The story most people in Ventanas will tell you begins with a house. A colonial-style home belonging to a man named Martinez, set on the bank of the Zapotal River, notable for having an unusual number of windows. Mountain traders coming down from the highlands with their mules would stop to barter at the store he ran out of the house. When they arranged to meet, they said: vamos a la casa de las ventanas - let's go to the house with the windows. Over time the town that grew up around that store kept the name. Others prefer a second version: the place was called Ventanas because it was a window - a literal opening - between the Andean foothills and the coastal plain, the point where mountain products met coastal markets. Both stories may be true. Either way, the windows stuck.
At the entrance to the city, at an intersection called La Y, a reinforced concrete monument rises several meters above the road - a sculpture of a maize cob, unmistakable from a distance. Ventanas calls itself La Capital Maicera del Ecuador, the Corn Capital of Ecuador, and the claim is backed by decades of production. The broader economy now runs more on bananas than on corn, and the city exports cocoa, coffee, rice, soybeans, passion fruit, and pigeon peas as well. But the corn identity persists, partly because the monument is too recognizable to ignore, and partly because the annual harvest festivals and the markets along the Zapotal still treat maize as the ceremonial center of the agricultural year.

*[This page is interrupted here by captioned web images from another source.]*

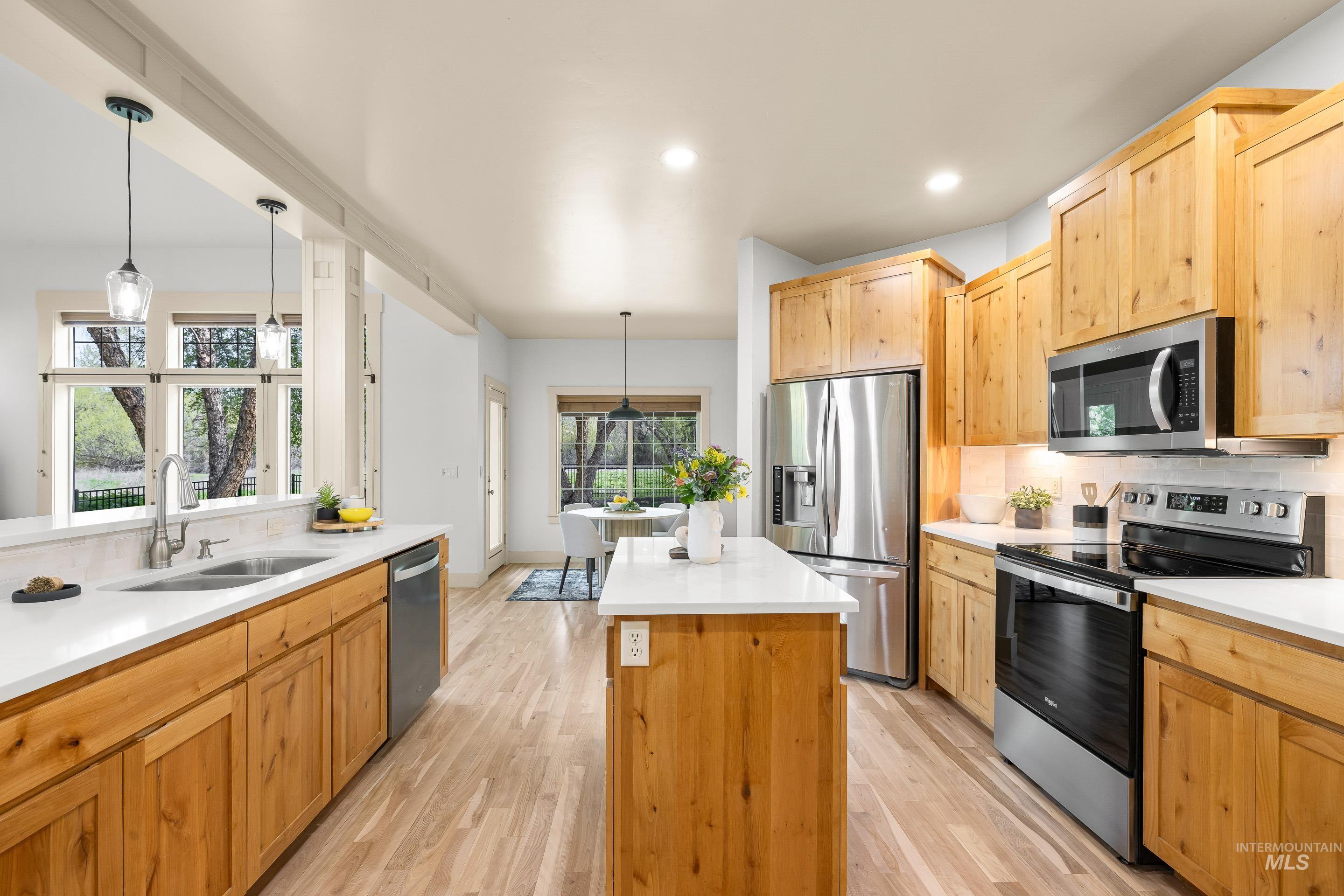 4172 W Miners Farm Dr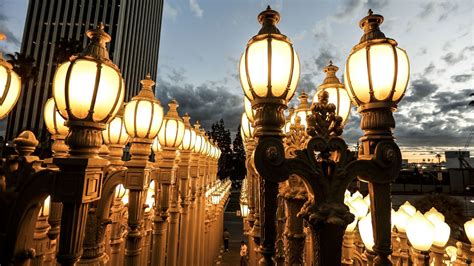 'Urban Light': Everything you didn't know about L.A.'s beloved landmark - Los Angeles Times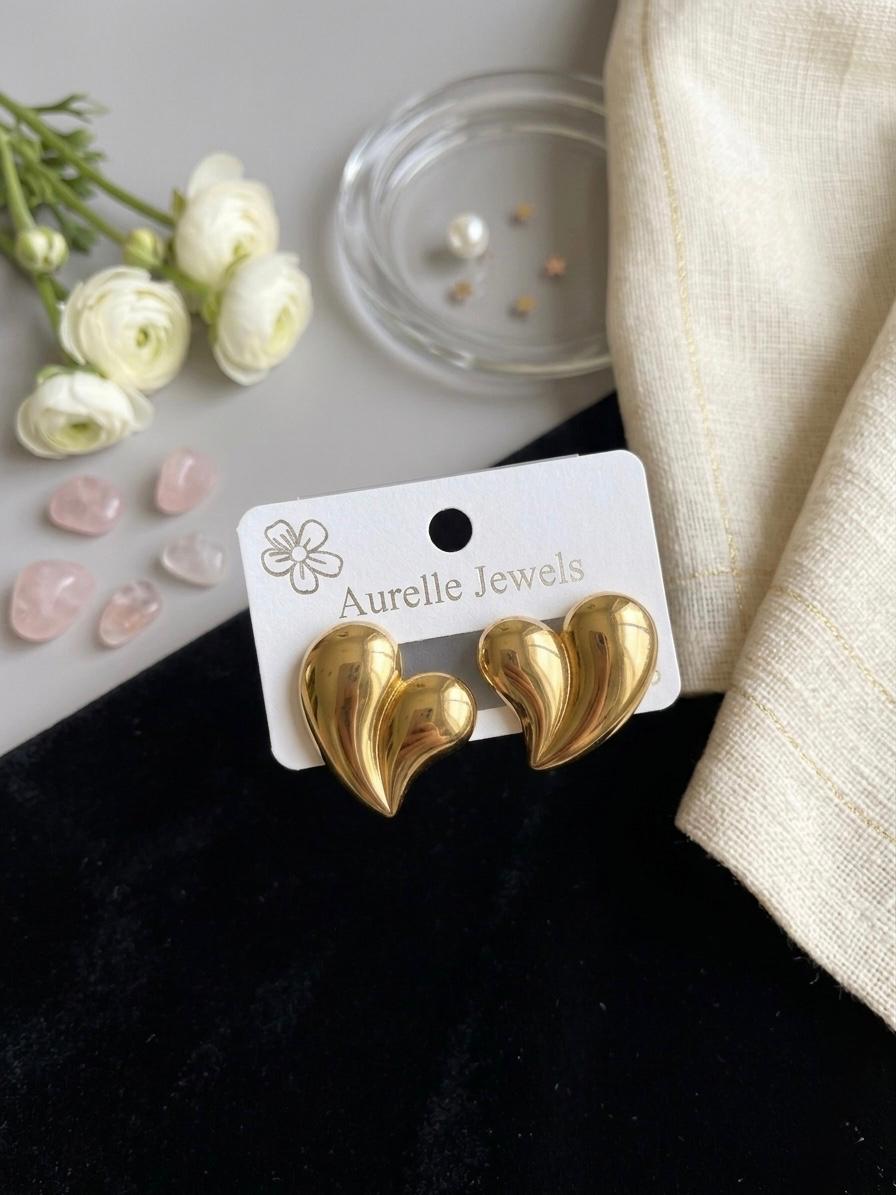 Heart Shaped Anti Tarnish Golden Studs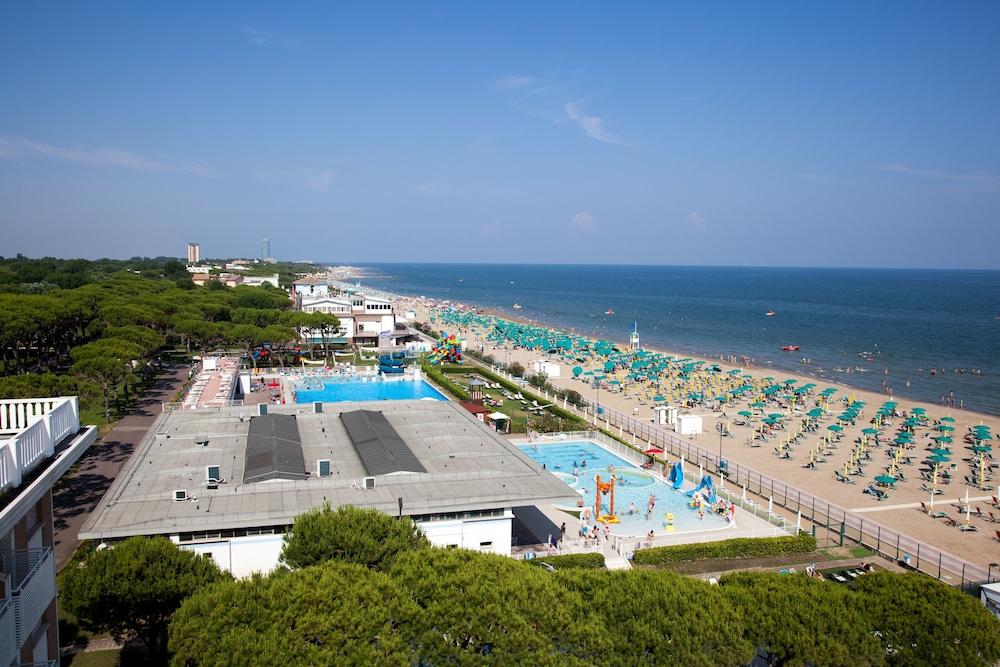 Regent'S Hotel Lido di Jesolo Dış mekan fotoğraf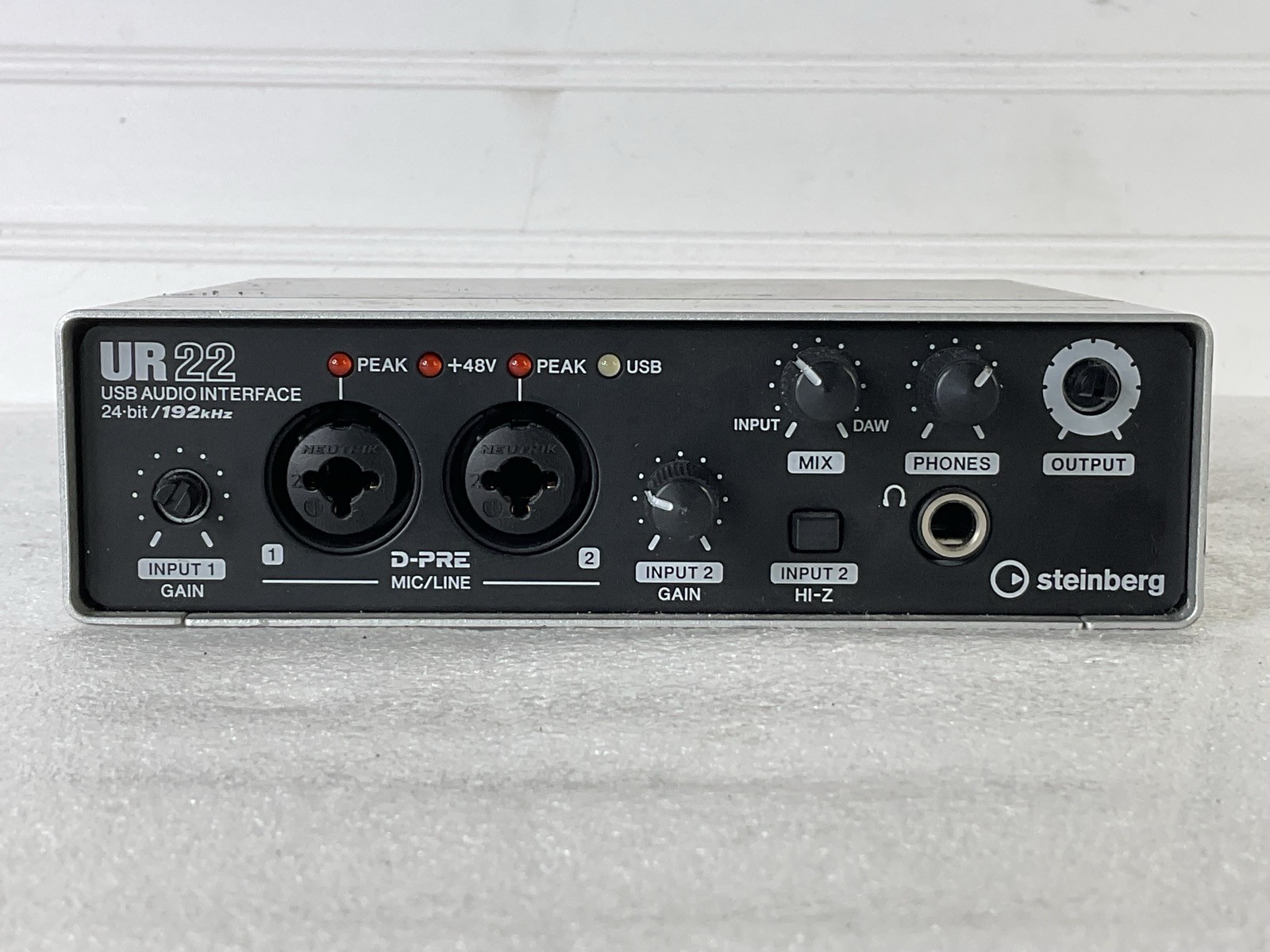 Steinberg UR22 USB Audio Interface 24-bit 192kHz 2x2 MIDI Used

Ventanas became an administrative parish in 1846, attached then to the Puebloviejo canton in what was, at the time, Guayas Province. In 1860, President Gabriel Garcia Moreno - the conservative Ecuadorean strongman who shaped much of the country's 19th-century political architecture - issued the decree creating Los Rios Province, and Ventanas was transferred along with Puebloviejo into the new jurisdiction. Independence from Puebloviejo came slowly. In the decades that followed, local councilors Gilberto Gordillo Ruiz and Rafael Astudillo Cardenas organized what the town remembers as the emancipatory assembly - a public meeting held in the basement movie theater of Don Nicanor Florencia Machado's house, where residents argued the case for becoming their own canton. It worked. On November 10, 1952, Ventanas was officially cantonized.
The Zapotal River splits the city into three parts. The central zone, on one side, holds the commercial district - the markets, banks, and restaurants. South of the river is largely residential, with older neighborhoods and some marginal settlements. North houses both residential suburbs and the industrial zone. The Zapotal itself is fed by a network of smaller rivers - the Lechugal, Oncebi, Sibimbe, Macagua - before it runs through the city and continues downstream under a different name, the Caracol. Every summer, when the rains ease and the water drops, a small beach of sand and stones emerges in the city center. Residents come to swim and rest. Some of the older women still wash clothes along the bank, as the custom used to require.
Ventanas does not stand alone. It sits within the orbit of Babahoyo, the Los Rios provincial capital, close enough that the two cities function as parts of a single metropolitan area. Thousands of workers commute from Ventanas to Babahoyo each day by land. Babahoyo itself connects to Guayaquil, so many of the region's workers live three cities away from where they labor. The 2022 census put Ventanas at 41,531 residents in the urban area, making it the thirty-eighth-largest city in Ecuador and the fourth largest in Los Rios. The greater Babahoyo conglomerate holds more than 250,000. The rhythm of commuting shapes the economic life: markets open early, buses fill before dawn, and the Malecon along the Zapotal fills up in the evenings when the commuters return.
Ventanas has produced people who went elsewhere. Connie Jimenez, born in the city in 1995, won Miss Ecuador 2016 and then entered politics - she later served as Governor of Los Rios Province. Her tenure made international news in 2023 when her home was shot at in an attempted assassination, part of the broader surge of drug-trafficking-related violence that has reshaped coastal Ecuador in recent years. The city has also produced footballers - Jimmy Izquierdo, Patricio Urrutia, Edwin Villafuerte - and at least one football manager, Humberto Pizarro, along with a handful of national politicians. For a mid-sized Ecuadorean city, the export of talent has been consistent, even if many of those talents have had to navigate an Ecuador that has grown increasingly hard to live in peacefully.
Coordinates 1.45 S, 79.47 W, elevation roughly 24 meters, on Ecuador's coastal plain in Los Rios Province. The Zapotal River cuts east-west through the city, and from 5,000-8,000 feet the river channel is a distinctive landmark surrounded by green banana and corn fields. Nearest major airport is Jose Joaquin de Olmedo (SEGU/GYE) in Guayaquil, about 115 km southwest. Hot, humid tropical climate with a wet season December to June; annual rainfall averages 2,120 mm. Visibility generally good but afternoon thunderstorms common in the wet months.